• Action item
Everything from the line with "580 E Howard Way, Pahrump, NV 89060" to the line with "پری امپ مونو" in the listing below, both lines included, needs to be copied exactly, apart from the pictures.
============
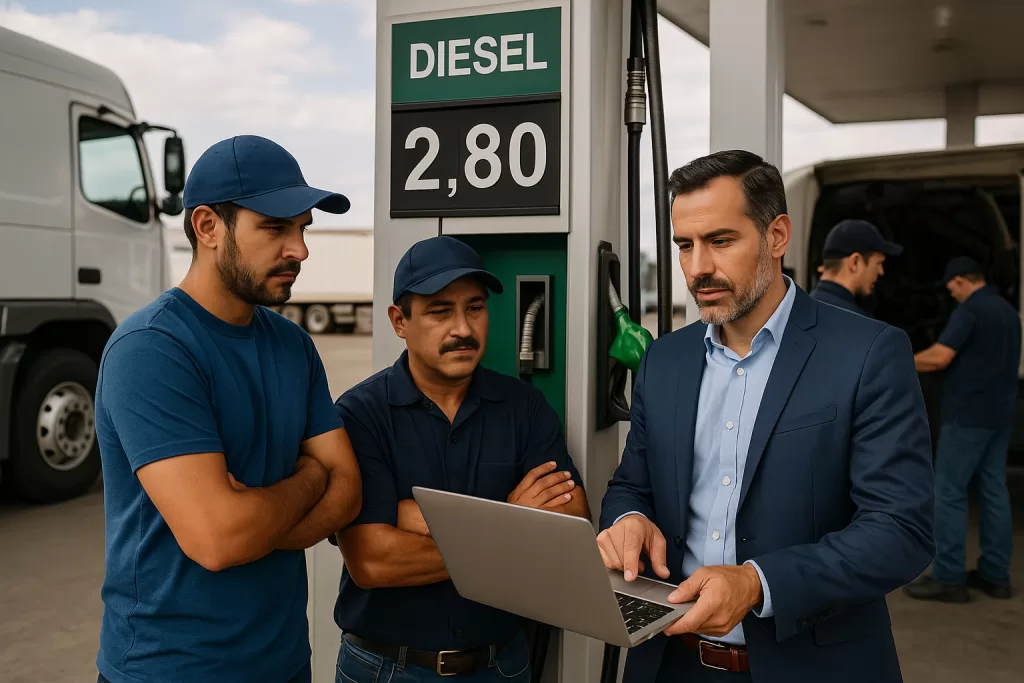 Cómo transformar el desafío del diésel en oportunidad competitiva: guía práctica para empresas ecuatorianas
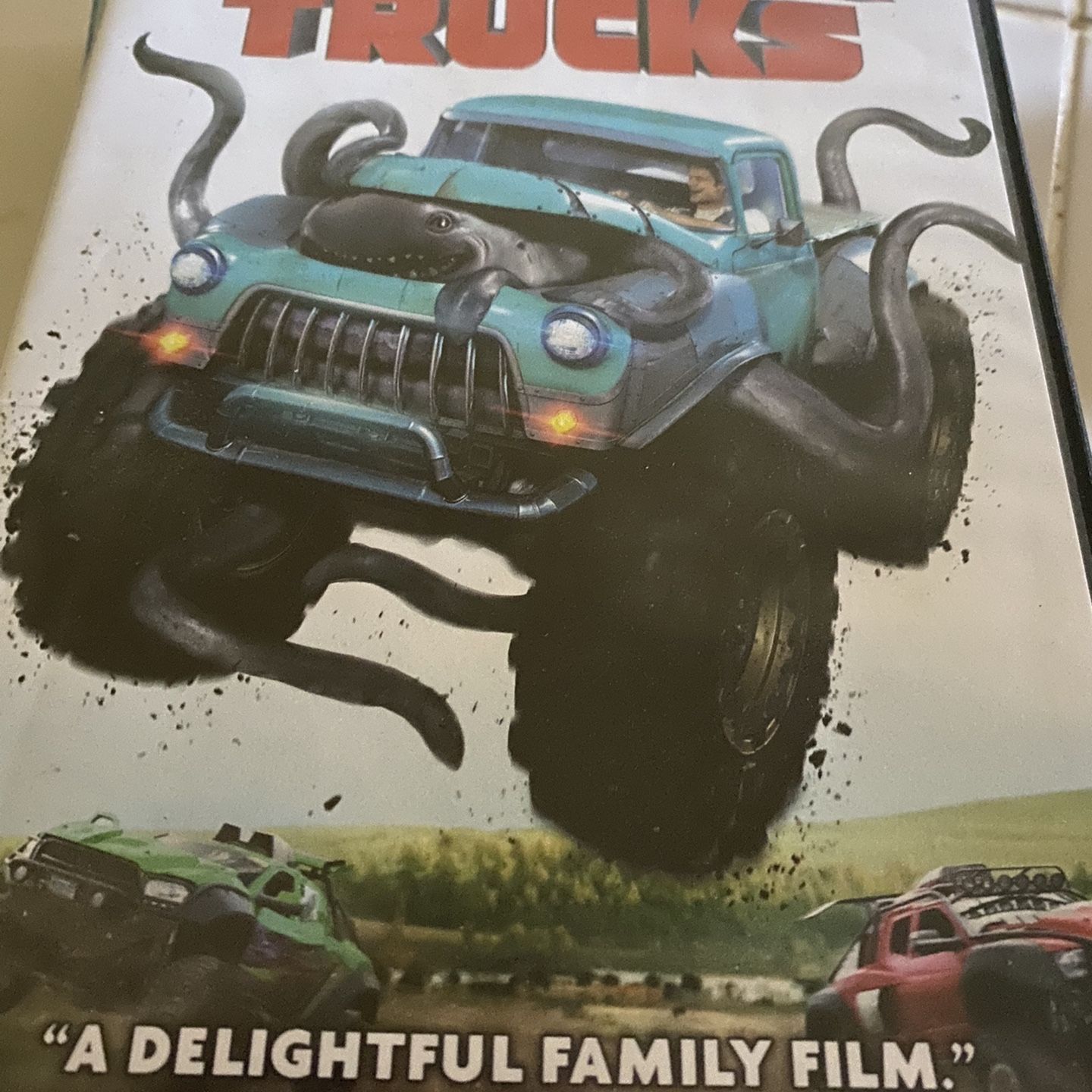 Monster Trucks [DVD]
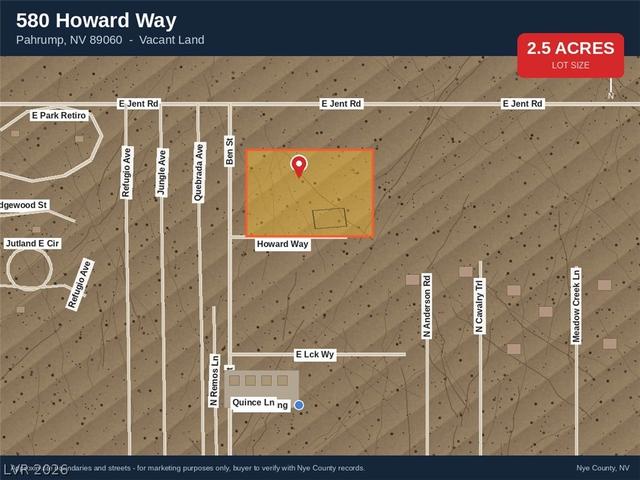 580 E Howard Way, Pahrump, NV 89060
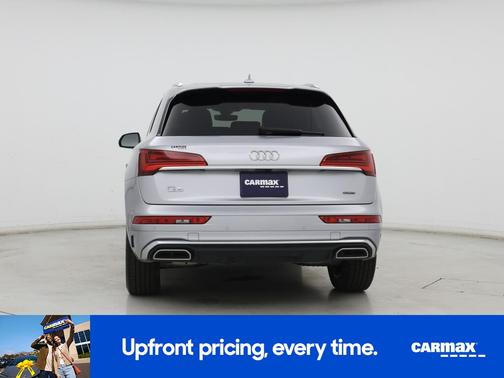 Silver 2023 Audi Q5 S-Line Premium Plus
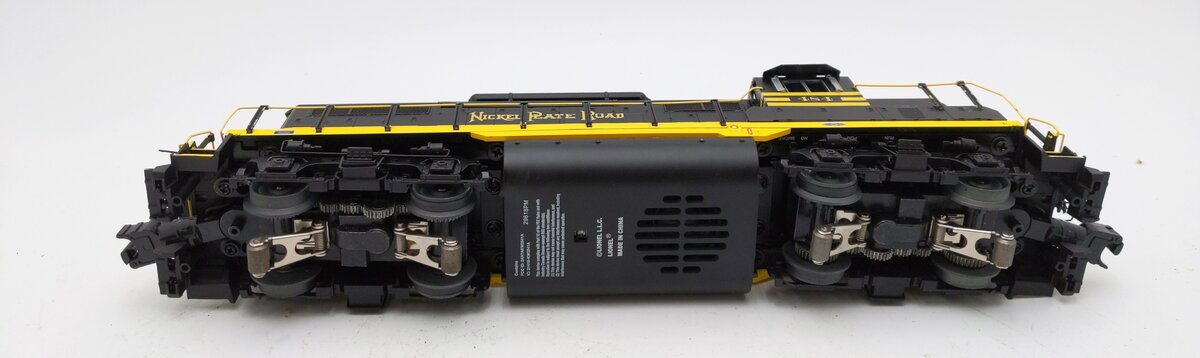 Lionel 6-84277 BTO Nickel Plate Road GP9 Diesel Torpedo #484 with Bluetooth VG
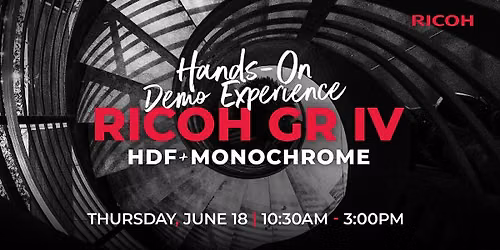 Demo Experience: Hands-on with the Ricoh GR IV, GR IV HDF and GR IV Monochrome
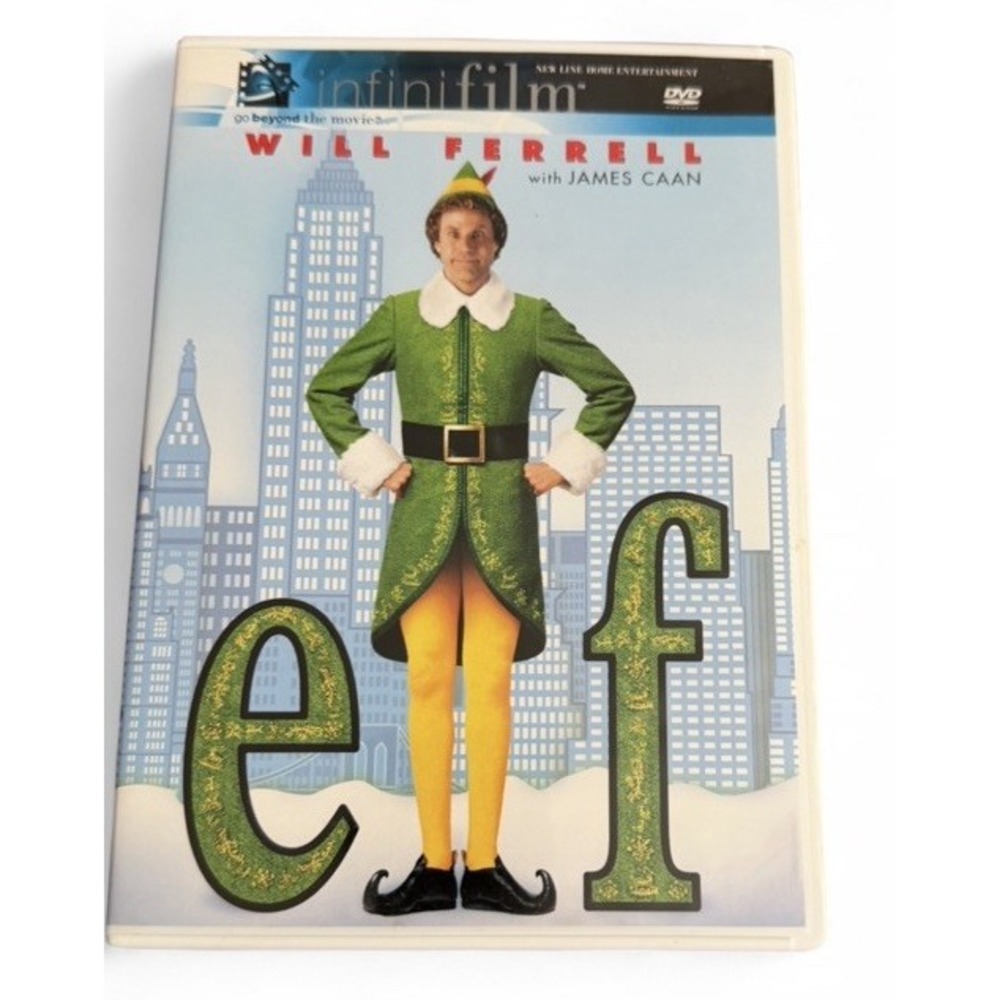 Elf (DVD, 2003) - Picture 5 of 8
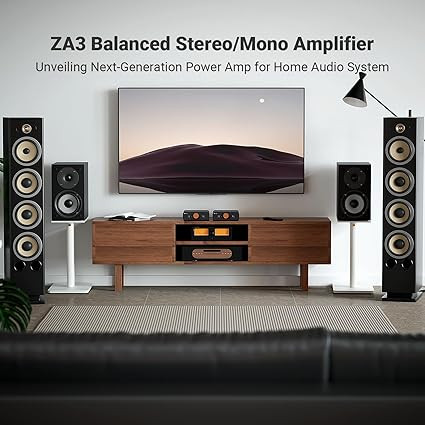پری امپ مونو استریو fosi audio za3 Fosi Audio ZA3 Balanced Stereo Amplifier Home Audio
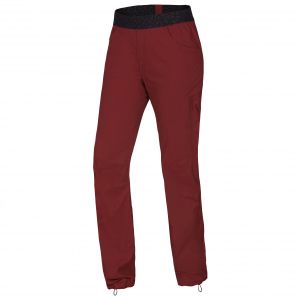 Prezzi Ocun mania pants pantaloni da arrampicata uomo (m - regular, rosso)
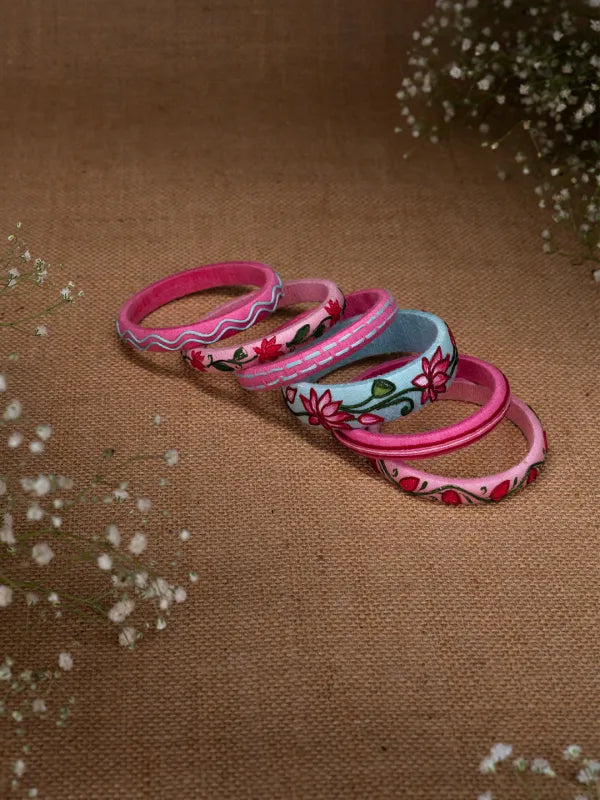 lotus Handmade Bangles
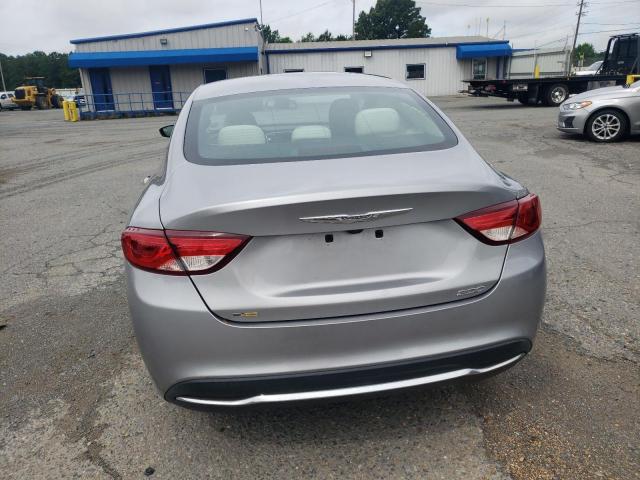  CHRYSLER 200 2016 Silver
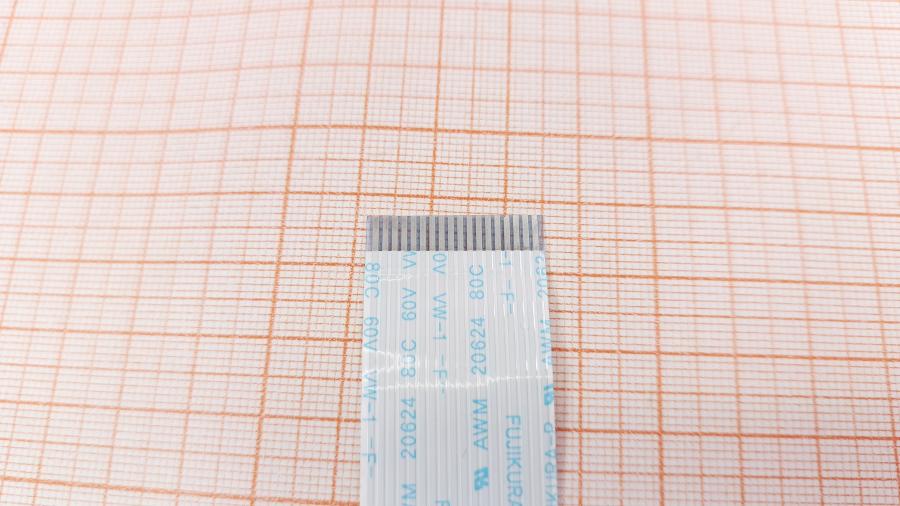 173-324-001 Шлейф Fujikura FFC / Type A / 18-Pin / Шаг 1.0мм / 60 мм #3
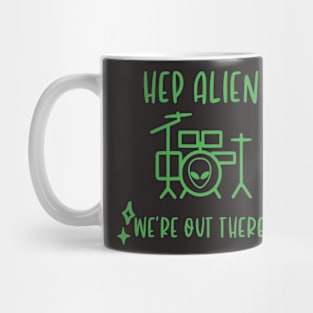 Hep Alien band poster Mug
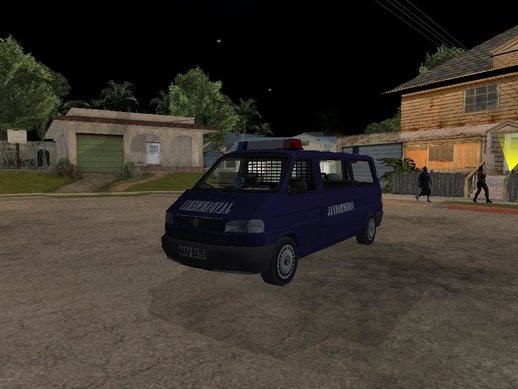 Volkswagen Caravelle Jandarmeria Mod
============
• Answer area
 580 E Howard Way, Pahrump, NV 89060
 Silver 2023 Audi Q5 S-Line Premium Plus
 Lionel 6-84277 BTO Nickel Plate Road GP9 Diesel Torpedo #484 with Bluetooth VG
 Demo Experience: Hands-on with the Ricoh GR IV, GR IV HDF and GR IV Monochrome
 Elf (DVD, 2003) - Picture 5 of 8
پری امپ مونو استریو fosi audio za3 Fosi Audio ZA3 Balanced Stereo Amplifier Home Audio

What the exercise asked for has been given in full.